======== Source data ========

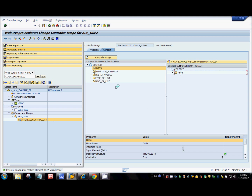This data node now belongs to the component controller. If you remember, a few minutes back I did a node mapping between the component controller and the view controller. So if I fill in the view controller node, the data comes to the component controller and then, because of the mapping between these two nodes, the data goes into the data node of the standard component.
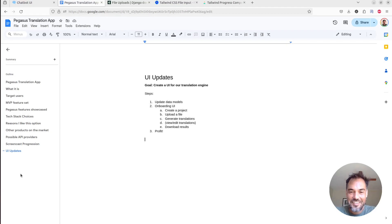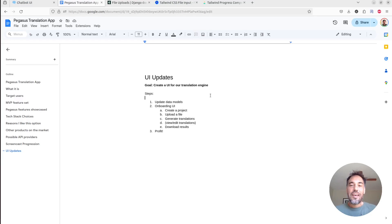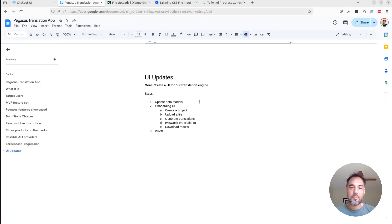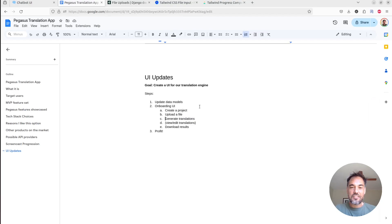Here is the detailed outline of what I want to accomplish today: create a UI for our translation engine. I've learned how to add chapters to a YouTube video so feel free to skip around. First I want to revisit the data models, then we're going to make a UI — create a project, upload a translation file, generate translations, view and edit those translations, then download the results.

========
======== Source data ========

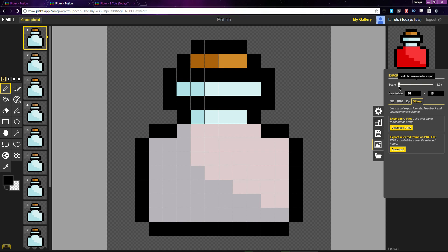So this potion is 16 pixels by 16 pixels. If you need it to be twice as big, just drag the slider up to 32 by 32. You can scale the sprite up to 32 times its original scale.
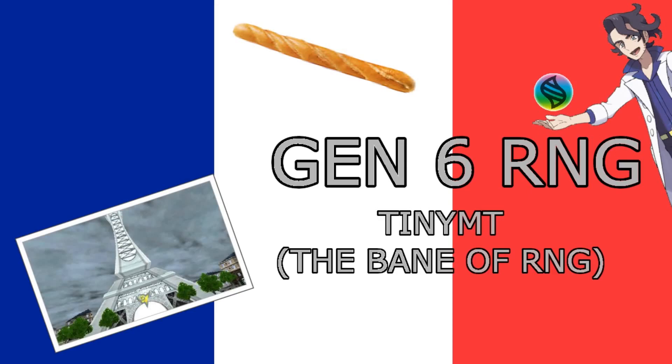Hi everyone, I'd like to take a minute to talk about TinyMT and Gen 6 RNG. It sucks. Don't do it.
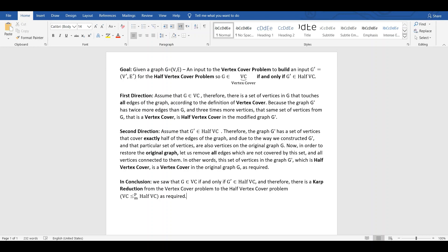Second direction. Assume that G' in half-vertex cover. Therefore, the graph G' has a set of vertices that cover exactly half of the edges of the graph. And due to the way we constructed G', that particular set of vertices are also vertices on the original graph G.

========
======== Source data ========

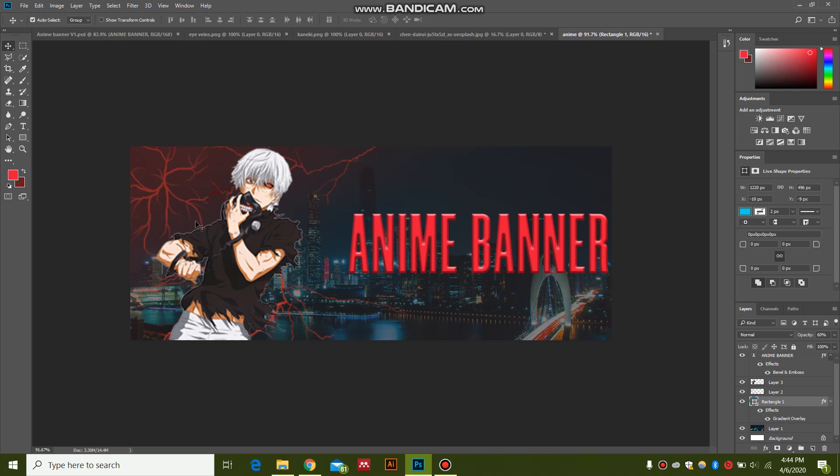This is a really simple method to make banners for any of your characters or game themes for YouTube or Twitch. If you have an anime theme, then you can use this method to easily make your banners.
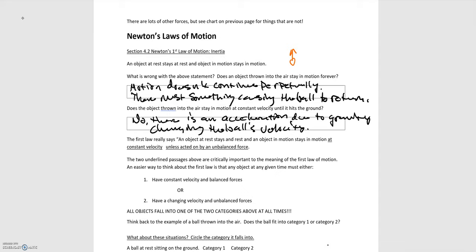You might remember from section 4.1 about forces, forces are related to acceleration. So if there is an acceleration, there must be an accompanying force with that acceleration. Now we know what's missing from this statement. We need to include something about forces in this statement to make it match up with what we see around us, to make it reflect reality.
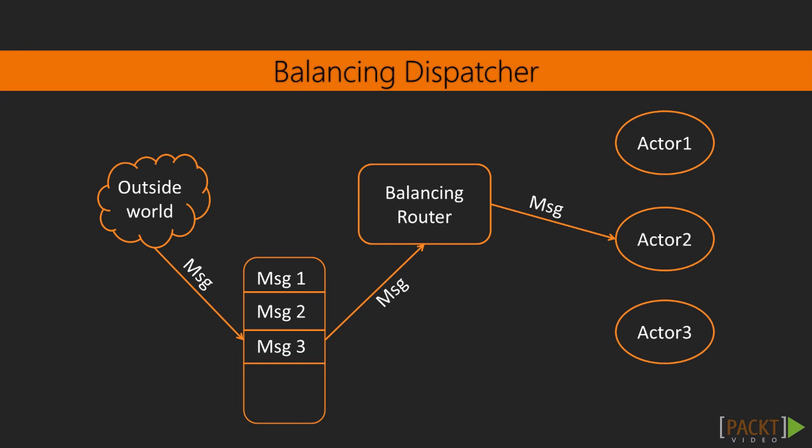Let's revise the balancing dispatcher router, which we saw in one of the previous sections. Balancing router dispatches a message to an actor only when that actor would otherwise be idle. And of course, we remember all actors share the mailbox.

========

What you need to do | Please repeat the lines of the material above exactly, starting with the line that contains "This is a really" and ending with the line that contains "Let's revise the". Leave the pictures out.

Solution for this task |
This is a really simple method to make banners for any of your characters or game themes for YouTube or Twitch. If you have an anime theme, then you can use this method to easily make your banners.
You might remember from section 4.1 about forces, forces are related to acceleration. So if there is an acceleration, there must be an accompanying force with that acceleration. Now we know what's missing from this statement. We need to include something about forces in this statement to make it match up with what we see around us, to make it reflect reality.
Let's revise the balancing dispatcher router, which we saw in one of the previous sections. Balancing router dispatches a message to an actor only when that actor would otherwise be idle. And of course, we remember all actors share the mailbox.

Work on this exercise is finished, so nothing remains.